Hello, I'm currently utilizing JanusGraph 0.6.4 with Bigtable as the storage backend and encountering difficulties when attempting to run OLAP queries on my graph via SparkGraphComputer. The graph is quite large, containing billions of vertices, and I'm only able to execute queries on significantly smaller graphs. My queries are being run through the Gremlin console, and the problem appears to be related to loading the graph into Spark RDD. I'm interested in applying a filter to load only vertices and edges with specific labels before running the query. I've noticed that creating a vertex program and using it as described in the Tinkerpop documentation(https://tinkerpop.apache.org/docs/current/reference/#graph-filter) only loads the specified subgraph into the Spark RDDs:
graph.computer().
vertices(hasLabel("person")).
vertexProperties(__.properties("name")).
edges(bothE("knows")).
program(PageRankVertexProgram...)
)
graph.computer().
vertices(hasLabel("person")).
vertexProperties(__.properties("name")).
edges(bothE("knows")).
program(PageRankVertexProgram...)
)
Is it possible to implement this filtering directly through the Gremlin console? I've attempted to use g.V().limit(1), but without success.

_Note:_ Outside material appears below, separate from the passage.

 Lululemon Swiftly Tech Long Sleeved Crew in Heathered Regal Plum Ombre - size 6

I suspect this is because the entire graph is being loaded into the RDD for this query as well. Here's the code I used:
graph = GraphFactory.open("conf/hadoop-graph/read-hbase-cluster.properties")
hg = graph.traversal().withComputer(org.apache.tinkerpop.gremlin.spark.process.computer.SparkGraphComputer)
hg.V().limit(1)
graph = GraphFactory.open("conf/hadoop-graph/read-hbase-cluster.properties")

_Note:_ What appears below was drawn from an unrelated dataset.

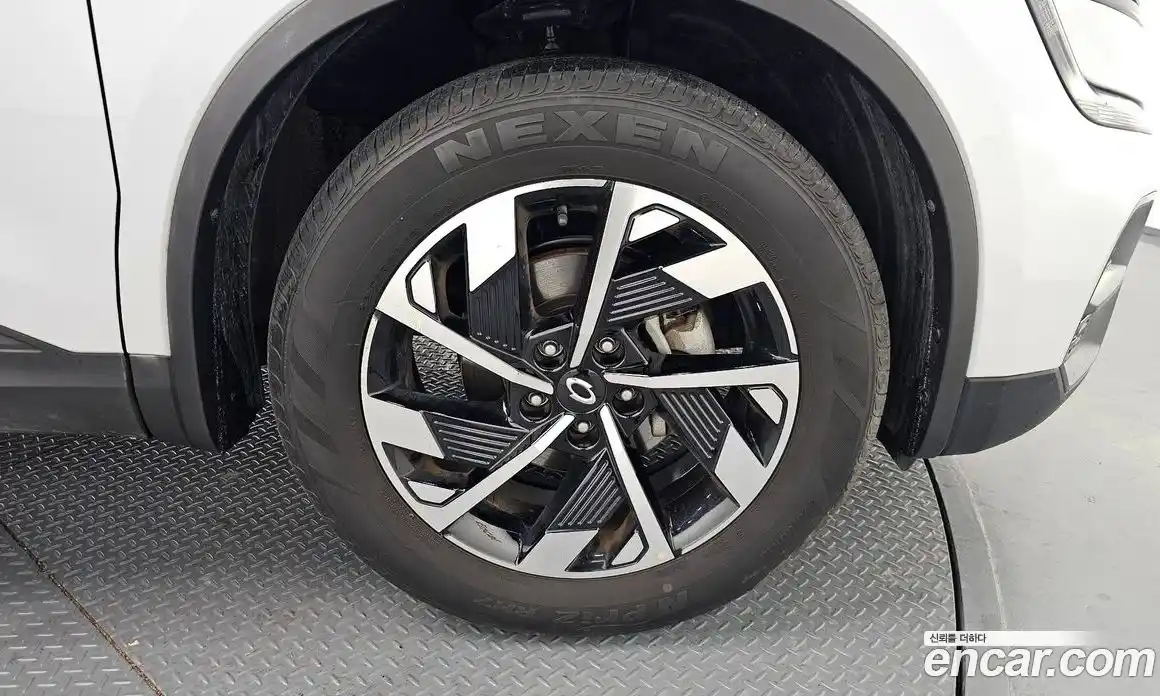 Renault QM6 2024 2.0 Автомат в Москве № 105982, фото 5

hg = graph.traversal().withComputer(org.apache.tinkerpop.gremlin.spark.process.computer.SparkGraphComputer)
hg.V().limit(1)
Any insights or suggestions would be greatly appreciated. Thank you.
3 Replies
spmallette
spmallette6mo ago
Is it possible to implement this filtering directly through the Gremlin console?
sure. the Gremlin Console is just a groovy shell so it can run any code you would normally run in java. one way to do it:
gremlin> g = TinkerFactory.createModern().traversal()
==>graphtraversalsource[tinkergraph[vertices:6 edges:6], standard]
gremlin> g.withComputer(Computer.compute().vertices(hasLabel('person'))).V().label()
==>person
==>person
==>person
==>person
gremlin> g = TinkerFactory.createModern().traversal()
==>graphtraversalsource[tinkergraph[vertices:6 edges:6], standard]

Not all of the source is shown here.